(DATASET RECORDS Opens)
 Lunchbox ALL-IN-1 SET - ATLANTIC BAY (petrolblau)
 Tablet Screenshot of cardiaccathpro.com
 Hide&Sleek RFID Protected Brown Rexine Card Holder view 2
(DATASET RECORDS Closes)
(DATASET RECORDS Opens)
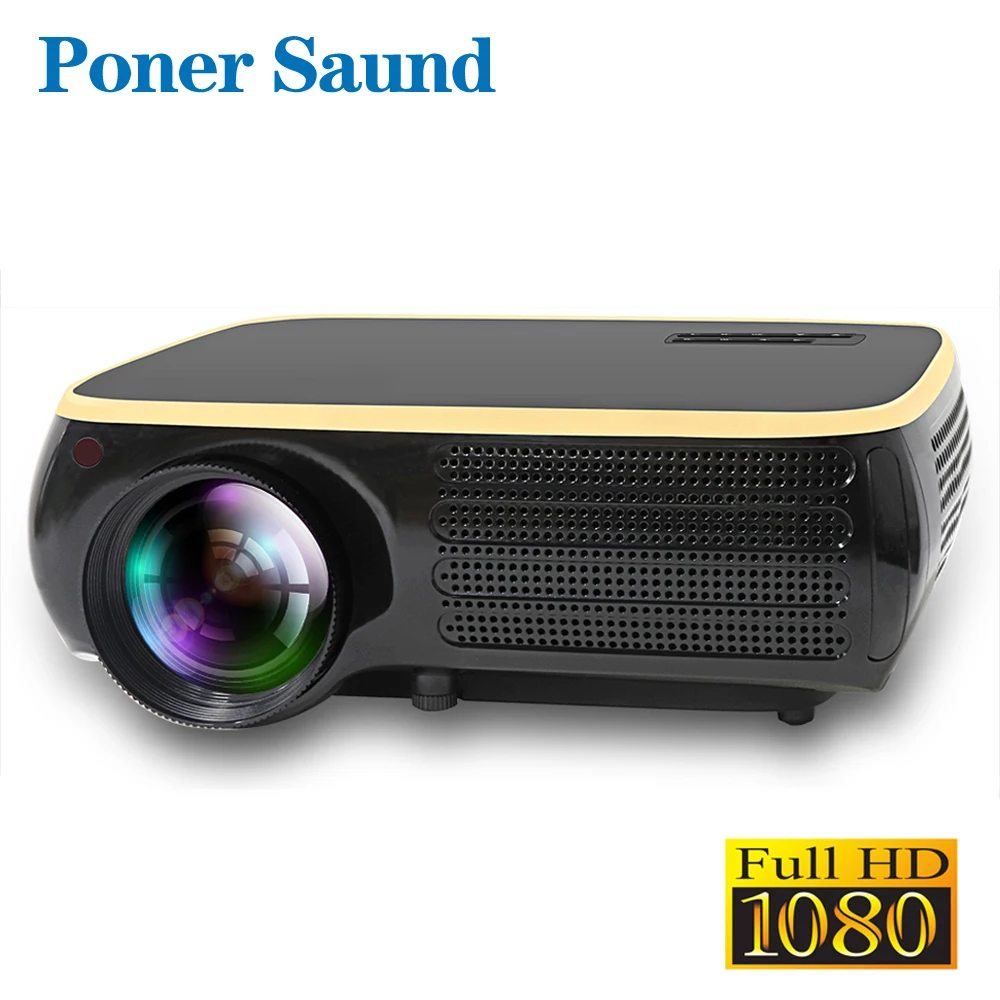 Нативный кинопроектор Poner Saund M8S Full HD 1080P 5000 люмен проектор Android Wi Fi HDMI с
(DATASET RECORDS Closes)
(DATASET RECORDS Opens)
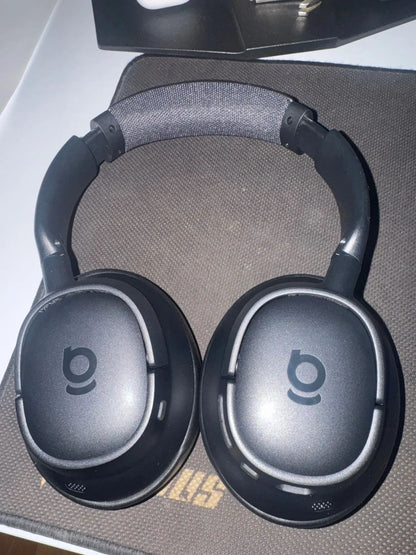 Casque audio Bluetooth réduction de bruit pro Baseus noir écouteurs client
(DATASET RECORDS Closes)
Could you transcribe the entries above word for word, from the line with "Tablet Screenshot of cardiaccathpro.com" down to the line with "Hide&Sleek RFID Protected", keeping both?

 Tablet Screenshot of cardiaccathpro.com
 Hide&Sleek RFID Protected Brown Rexine Card Holder view 2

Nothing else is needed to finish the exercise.